1. Basis of Presentation and Significant Accounting Policies

Basis of Presentation

We prepared this Quarterly Report on Form 10-Q under the rules and regulations of the United States Securities and Exchange Commission. As an interim period filing presented using a condensed format, it does not include all of the disclosures required by U.S. generally accepted accounting principles, and should be read along with our 2011 Annual Report on Form 10-K. The financial statements as of March 31, 2012, and for the quarters ended March 31, 2012 and 2011, are unaudited. The condensed consolidated balance sheet as of December 31, 2011, was derived from the audited balance sheet filed in our 2011 Annual Report on Form 10-K. In our opinion, we have made adjustments, all of which are of a normal, recurring nature to fairly present our interim period results.
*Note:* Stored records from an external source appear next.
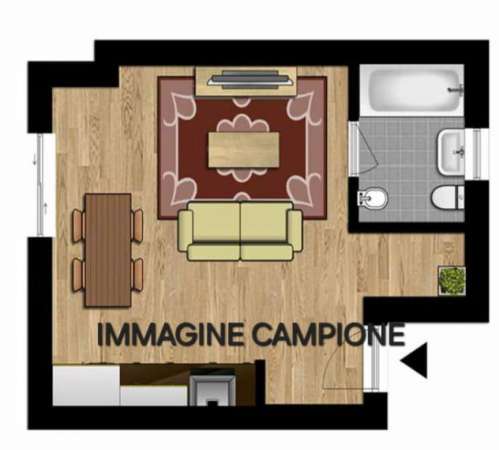 Foto CASAL PALOCCO- LOFT con UTENZE COMPRESE1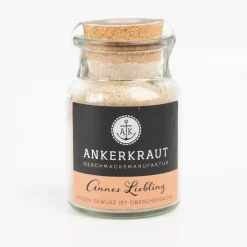 Annes Liebling Gewürzmischung im Glas 95g mit Korkdeckel von Ankerkraut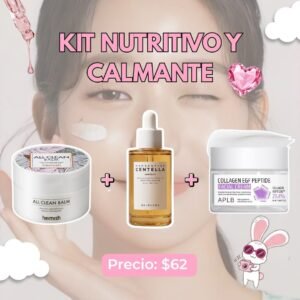 KIT NUTRITIVO y CALMANTE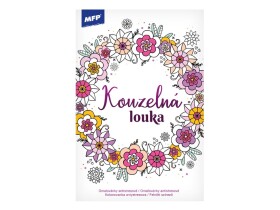 Kouzelná louka, antistresové omalovánky, MFP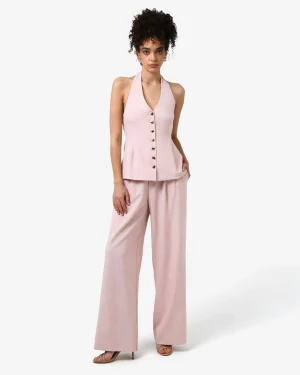 Forcast Lola Lurex Blend Wide Leg Pant* High-Waisted Pants|Wide-Leg Pants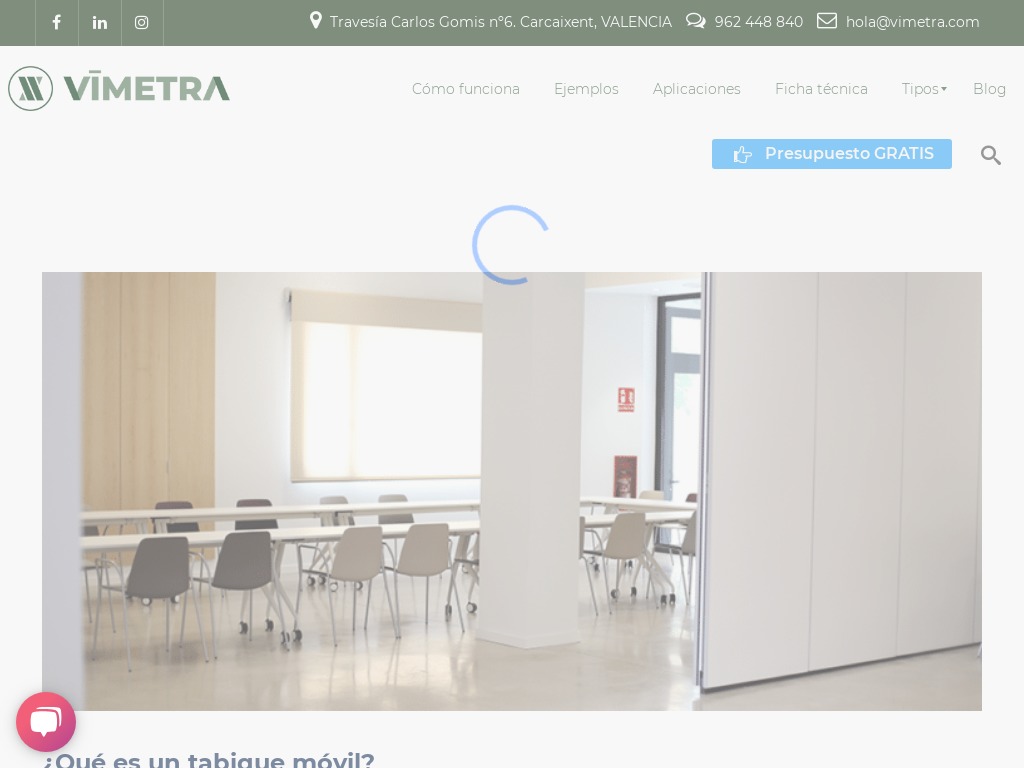 Tabique M�vil: �Qu� es y c�mo funciona?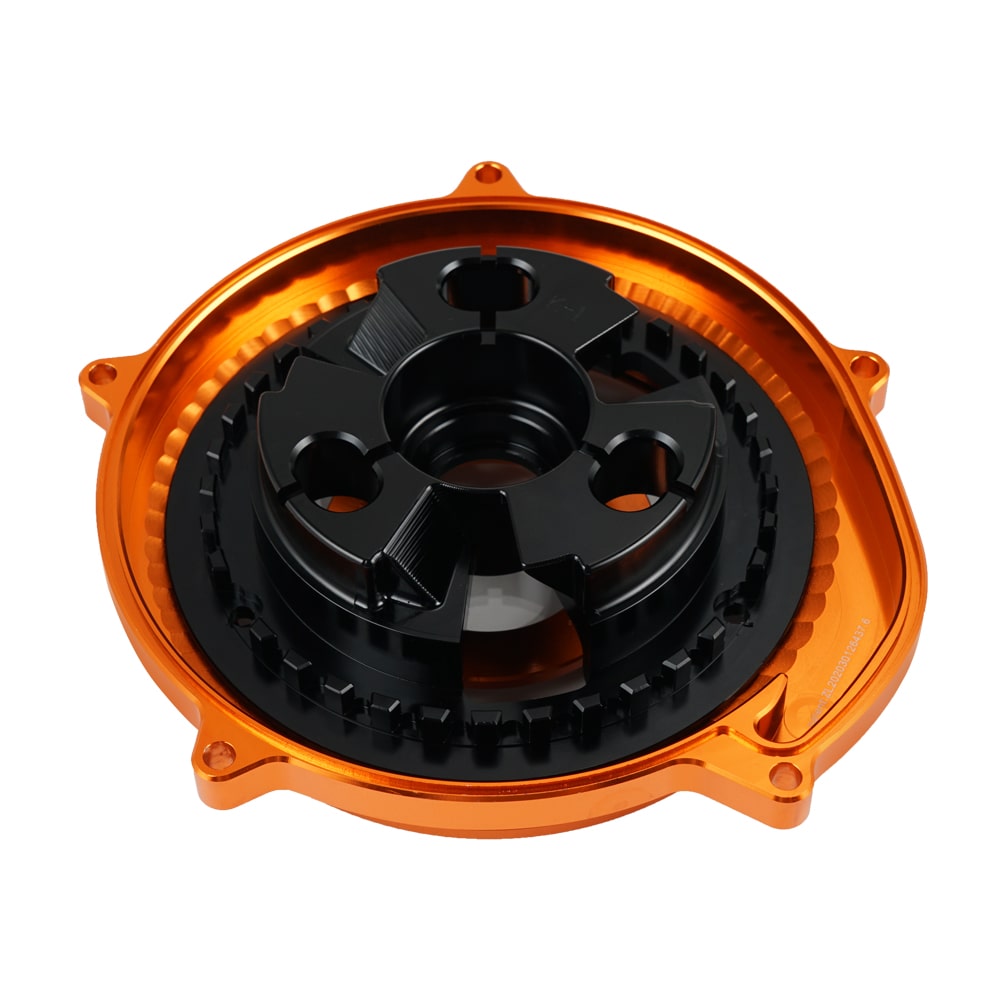 Transparent Engine Clutch Cover Kit For KTM 1290 Super Duke R/GT,  1050/1090/1190/1290 Adventure/R/S/T 14-21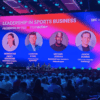 Michael Jordan, Carsten Koerl and Jason Robins discuss sports business and betting during a keynote at SBC Summit Lisbon 2026.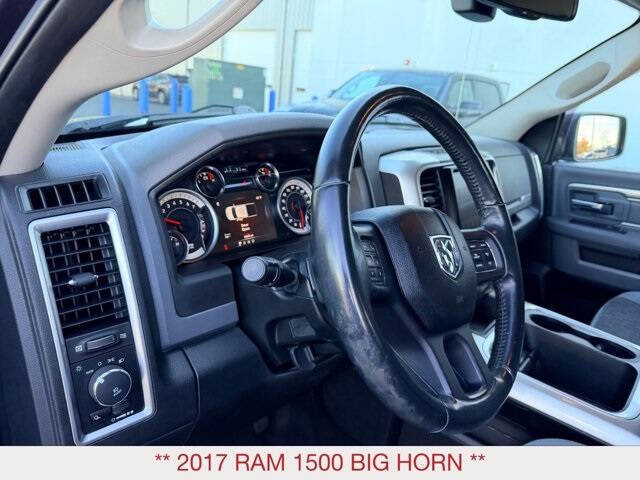 2017 RAM 1500 Big Horn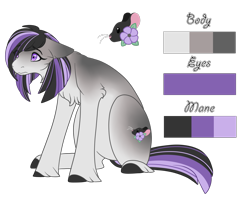 Size: 1264x998 | Tagged: safe, artist:nobleclay, oc, oc only, oc:mouse, earth pony, pony, female, floppy ears, mare, reference sheet, simple background, solo, transparent background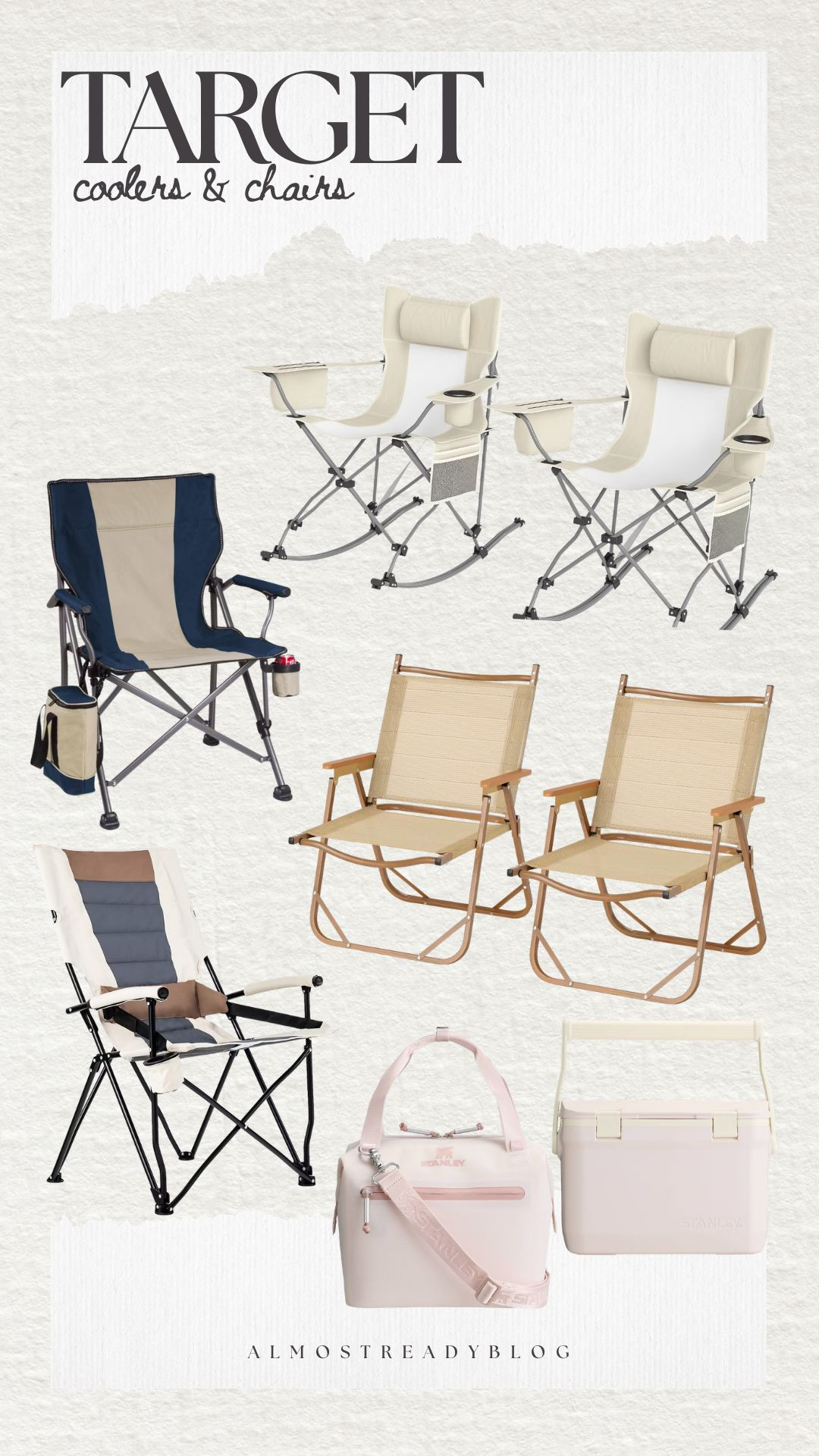 Coolers & Chairs from Target! #TargetPartner #Target @Target 

new arrivals, finds under 100, sports, weekend activities, amanda west 

 

#LTKSeasonal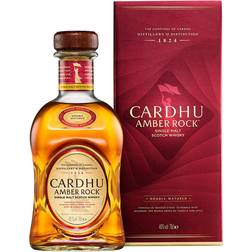 Cardhu Amber Rock Single Malt Scotch Whiskey 40% 70 cl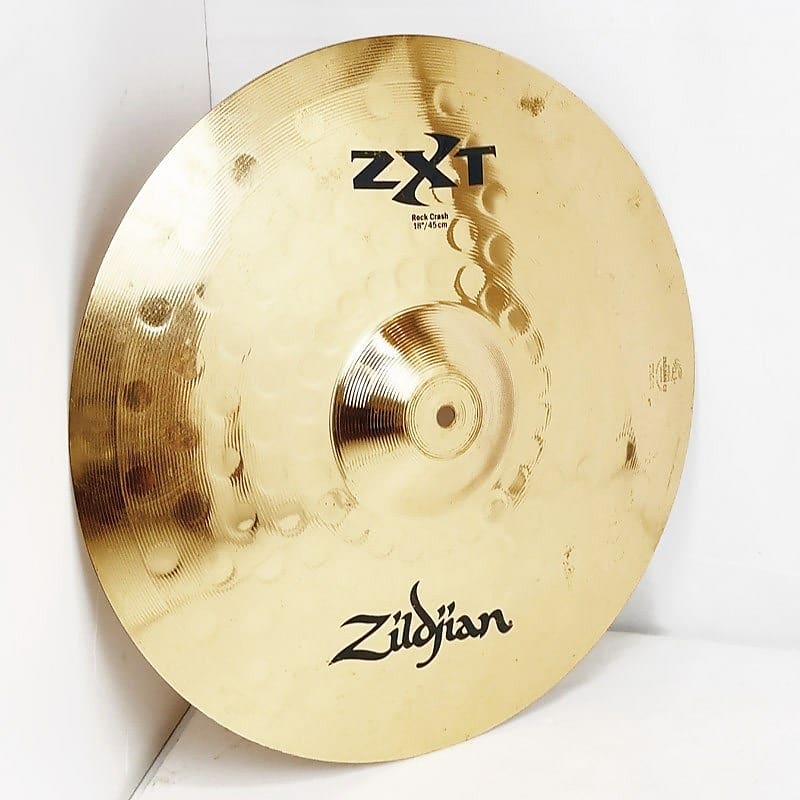 【2024春夏新色】 [USED] Zildjian ZXT Reverb | [1696g] 18 Crash Rock その他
Due to the seasonal nature of our business, information for interim periods may not be indicative of our operating results for the entire year. Our disclosures in this Form 10-Q are an update to those provided in our 2011 Annual Report on Form 10-K.

In October 2011, El Paso Corporation (El Paso) entered into a definitive merger agreement with Kinder Morgan, Inc. (KMI) whereby KMI will acquire El Paso in a transaction that valued El Paso at approximately $38 billion (based on the KMI stock price at that date), including the assumption of debt. In March 2012, both El Paso’s and KMI’s stockholders approved the merger agreement and a series of transactions to effectuate the merger. On May 1, 2012, KMI announced that it received approval from the Federal Trade Commission (FTC) for the merger, subject to the previously announced divestiture of certain assets. The completion of the merger transactions is expected by the end of May 2012, subject to other remaining closing conditions and regulatory approvals. The completion of the merger may trigger change in control provisions in certain agreements (e.g. debt) to which we are a party.

Significant Accounting Policies

There were no changes in the significant accounting policies described in our 2011 Annual Report on Form 10-K and no significant accounting pronouncements issued but not yet adopted as of March 31, 2012.